◆ Assignment:
Exact copies of the lines from the one with "Braveheart Poster, Mel" through the last line of the entries, and no pictures, make up the answer.

Brief descriptive captions

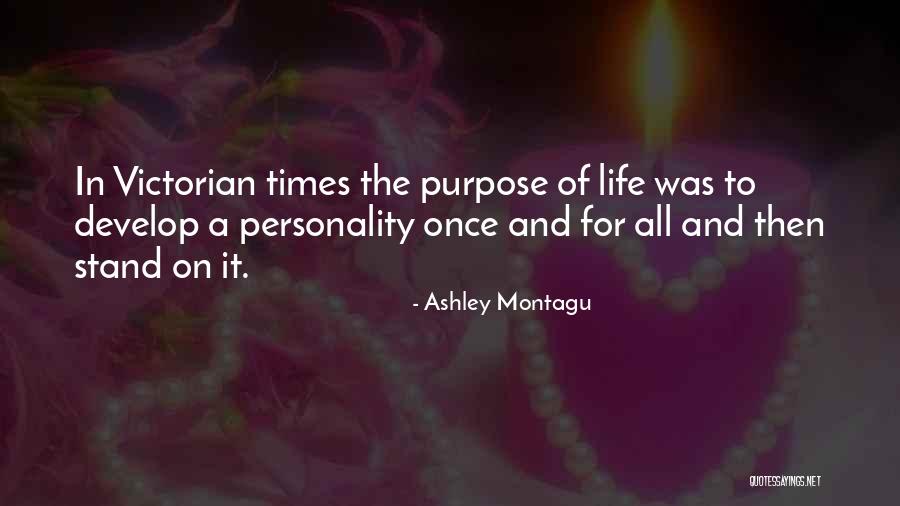 Mightve Quotes By Ashley Montagu Mightve Quotes By Ashley Montagu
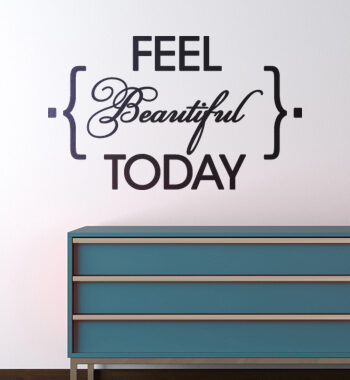 Feel Beautiful Today Wallsticker Af Alan Smithee  45x27 Cm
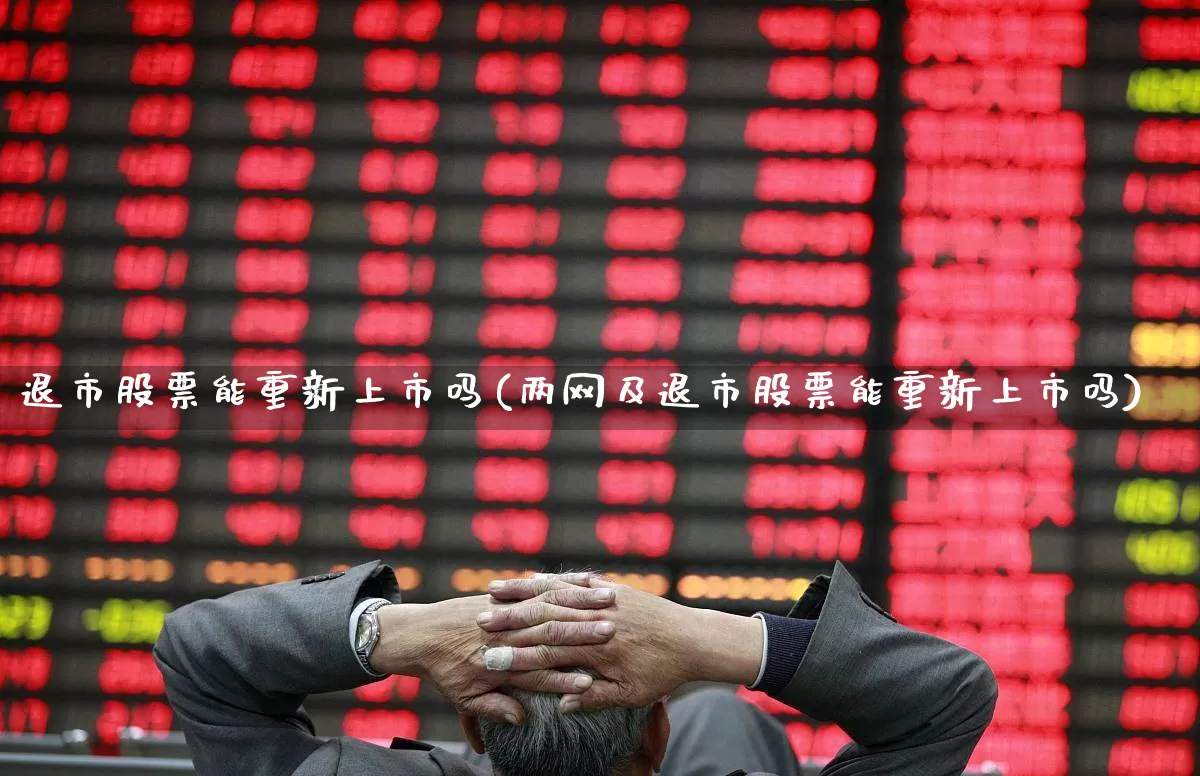 退市股票能重新上市吗(两网及退市股票能重新上市吗)_https://www.xzdzchf.com_创业板_第1张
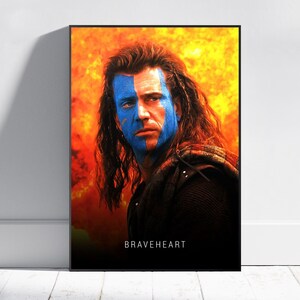 Braveheart Poster, Mel Gibson Wall Art, Fine Art Print, Movie Poster Gift, HQ Wall Decor Design #8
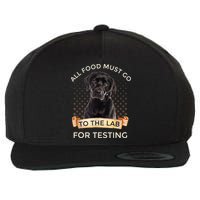 Labrador Gifts All Food Must Go To The Lab For Testing TShirt Wool Snapback Cap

◆ Reply to the exercise:
 Braveheart Poster, Mel Gibson Wall Art, Fine Art Print, Movie Poster Gift, HQ Wall Decor Design #8
 Labrador Gifts All Food Must Go To The Lab For Testing TShirt Wool Snapback Cap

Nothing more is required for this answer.